II. Contentions of the Parties

Mr. Brown argues that there is a clerical error in his judgment because it does not reflect any downward departure to account for time served on the current offense in state custody. He points to the following colloquy in his sentencing transcript between the Court and defense counsel:

THE COURT: Mr. Ciaccio, anything? MR. CIACCIO: Your Honor, my client has accepted responsibility for his actions. With respect to sentencing, your Honor, I would just, the PSI notes, but my client has been in custody since May 10th of 2008, make sure that he gets credit for all the time served. THE COURT: Sure.

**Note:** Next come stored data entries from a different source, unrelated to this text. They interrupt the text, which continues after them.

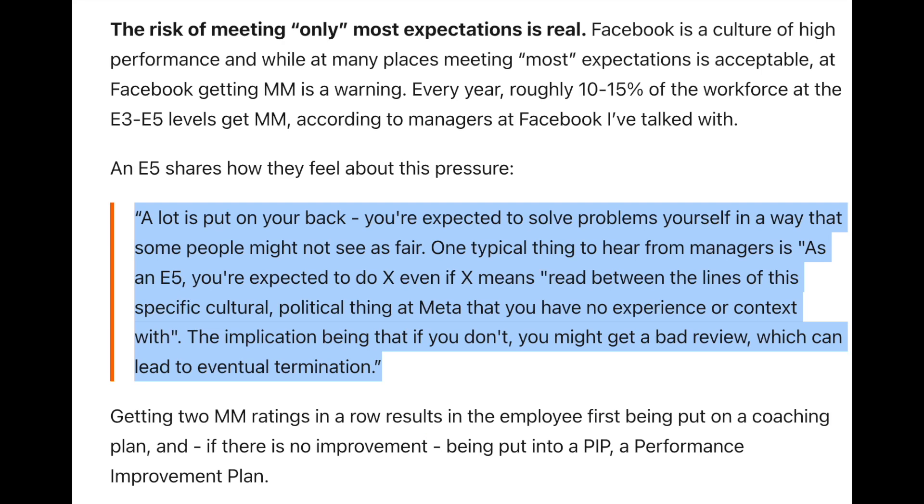In all fairness, they give a pretty clear-cut set of expectations in terms of what growth is. It doesn't mean it's easy. In fact, in that article there's a great quote: 'A lot is put on your back. You're expected to solve problems yourself in a way that some people might not see as fair. One typical thing you might hear from managers is: as an E5, you're expected to do X — even if X means read between the lines of this specific cultural political thing at Meta that you have no experience or context with — the implication being that if you don't, you might get a bad review, which can lead to eventual termination.' There's always stress around PSE, our performance review cycle. But overall there's a little more clarity in terms of what's expected — it's not super clear, but it's kind of clear, and I think that's sometimes more frustrating.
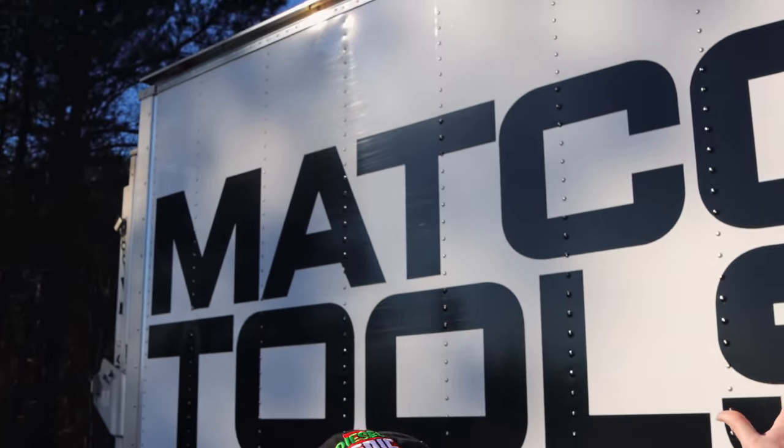What's up guys? Y'all know what day it is. Matco Tools. Let's take a look and see what Michael's got.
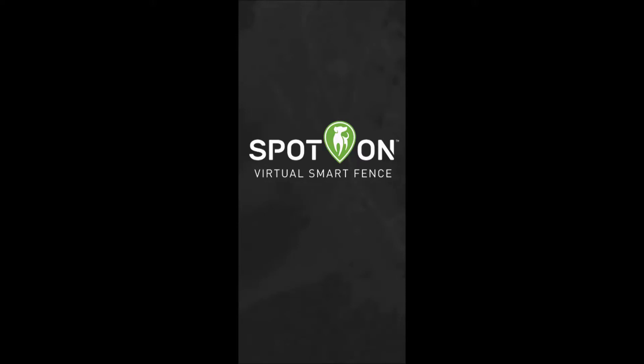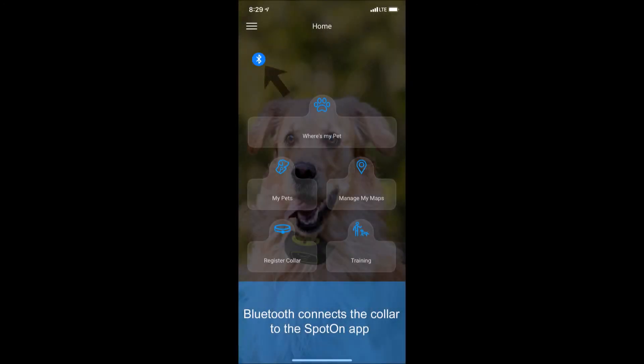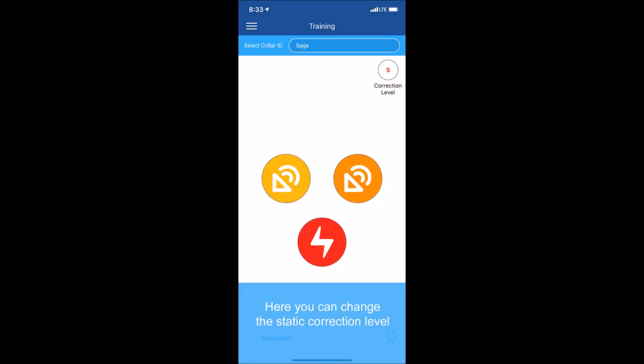Hi, I'm Haley with SpotOn, and I'm here to explain the difference between Bluetooth and tracking. Bluetooth connects the collar to the SpotOn app on your smartphone. Activating Bluetooth enables the training portal on the app, which allows you to change the static correction level and use the remote training feature when working with your dog.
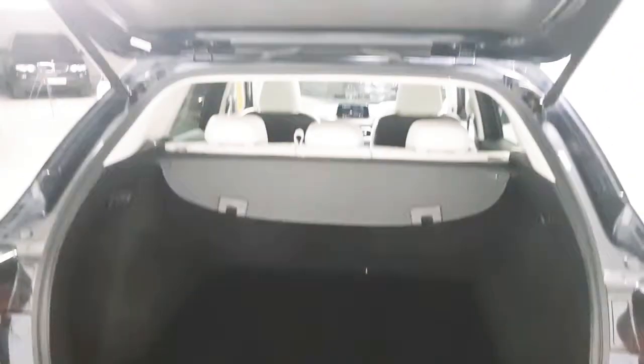You can see we've got lots of storage here in the boot. We also have a retractable parcel shelf. To close the boot, it's just one touch.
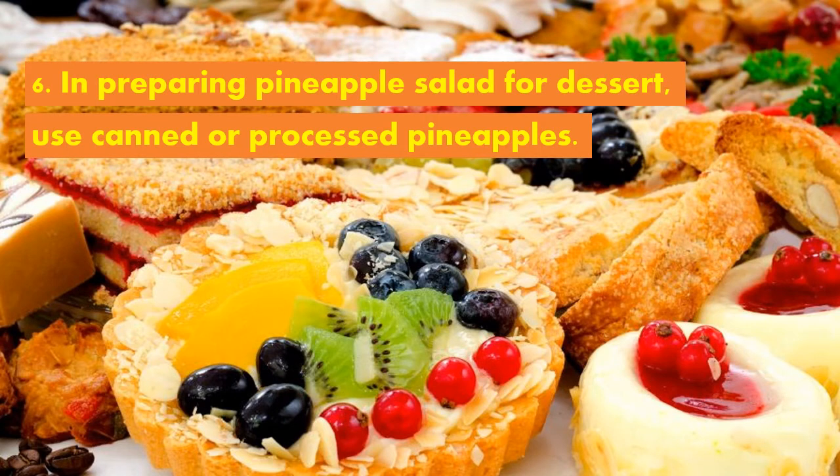Sixth, in preparing pineapple salad for dessert, use canned or processed pineapples. Why? Because fresh pineapples leave a bitter taste to the salad.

Sentencing Tr., 4. He suggests that in order to effectuate what the Court intended (credit for time served beginning on May 10, 2008) the Court was required to enter a downward departure pursuant to USSG § 5G1.3(c) — a catchall provision that allows a Court to award credit for time served on an undischarged term of confinement for a totally separate charge. Thus, he asks that the Court amend its judgment to reflect this downward departure.

The United States argues in response that Mr. Brown's request is only cognizable under 28 U.S.C. § 2241 because it "requires computation of the service of a legally rendered sentence." Rec. Doc. 138 at 3. It further contends that this Court is an improper venue for Mr. Brown's motion, properly construed, because he is confined in Arkansas, not the Eastern District of Louisiana. See, e.g., Lee v. Wetzel, 244 F.3d 370, 373 (5th Cir. 2001) ("the district of sentencing does not have jurisdiction to consider the merits of a § 2241 petition, unless the petitioner or his custodian is also located there"). Finally, the United States argues that this Court lacks jurisdiction over Mr. Brown's motion because he has not exhausted administrative remedies.

III. Analysis

Rule 36 of the Federal Rules of Criminal Procedure allows a court to "at any time correct a clerical error in a judgment, order, or other part of the record, or correct an error in the record arising from an oversight or omission." Rule 36 is an accepted procedural vehicle for "correct[ing] [an] original written judgment to conform with the sentence announced orally." United States v. Spencer, 513 F.3d 490, 492 (5th Cir. 2008); see also United States v. Bennett, 423 F.3d 271, 278 (3d Cir. 2005) ("Rule 36 is normally used to correct a written judgment of sentence to conform to the oral sentence pronounced by the judge.").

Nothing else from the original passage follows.